Satu tahun kemudian, kejadian yang hampir serupa menimpa Sansa. Duduk bersebelahan dengan seorang lelaki setengah baya di bis antarkota dalam propinsi tidak lantas membuat Sansa banyak berbasa-basi. Bicara dengannya pun tidak. Namun entah bagaimana awalnya, ia menyadari bahwa ketika ia turun dari bis, lelaki itu menggandeng tangannya. Ia tahu, ia merasa hal itu salah namun ia tak bisa menghentikannya.
Kejadian tersebut terjadi di hari Minggu. Seninnya, Sansa pergi bekerja seperti biasanya. Sepulang kerja, ada nomor asing menelpon ponselnya. Ketika diangkat, katanya dari Kuwi, laki-laki yang duduk bersebelahan dengan Sansa di bis. Kaget, Sansa menanyakan bagaimana ia bisa mengetahui nomor telepon Sansa. Katanya ketika Sansa tidur, Kuwi mengambil ponselnya untuk menelpon ponsel Kuwi sendiri. Lancang. Sansa sempat menegur tapi setelah itu ia seperti orang linglung.
Kuwi mengajaknya bertemu karena Kuwi ingin minta tolong pada Sansa untuk mengantarkannya ke terminal. Ia mau keluar kota dan tidak punya teman di kota itu. Ia berharap Sansa mau berbaik hati menolongnya. Hanya mengantar ke terminal.
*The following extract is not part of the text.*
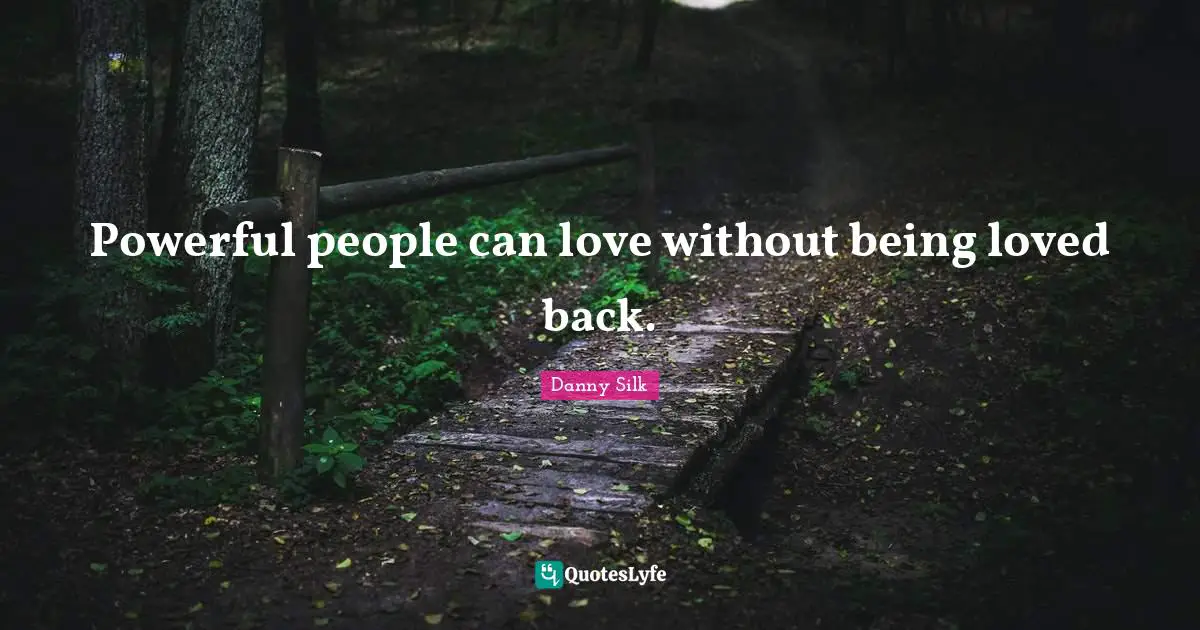 Powerful people can love without being loved back.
Entah apa yang ada di pikiran Sansa waktu itu, hati nuraninya menolak namun bibirnya mengiyakan. Ia pun janjian dengan Kuwi di tempat yang mereka ketahui untuk pergi ke terminal. Hal terakhir yang Sansa ingat ialah saat ia sudah bertemu Kuwi, ia meminjamkan satu hal ke Kuwi. Setelah itu ingatannya raib.
Selasa pagi, Sansa menelponku dengan menangis histeris. Tau-tau ia sudah ada di kamar. Sansa tinggal di rumah kos di tengah kota, jauh dari Arya meski masih satu kota. Laptop yang saat itu ia bawa bekerja raib. Tasnya masih ada, dompet dan kartu identitas, bahkan katu ATM pun masih ada. Namun uang dan ponsel yang ada di dalamnya tidak ada. Setelah dicek, kartu ATM yang tertinggal di dompet sudah dikuras semua isinya. Sansa menelponku dengan ponselnya yang tertinggal di kamar kos.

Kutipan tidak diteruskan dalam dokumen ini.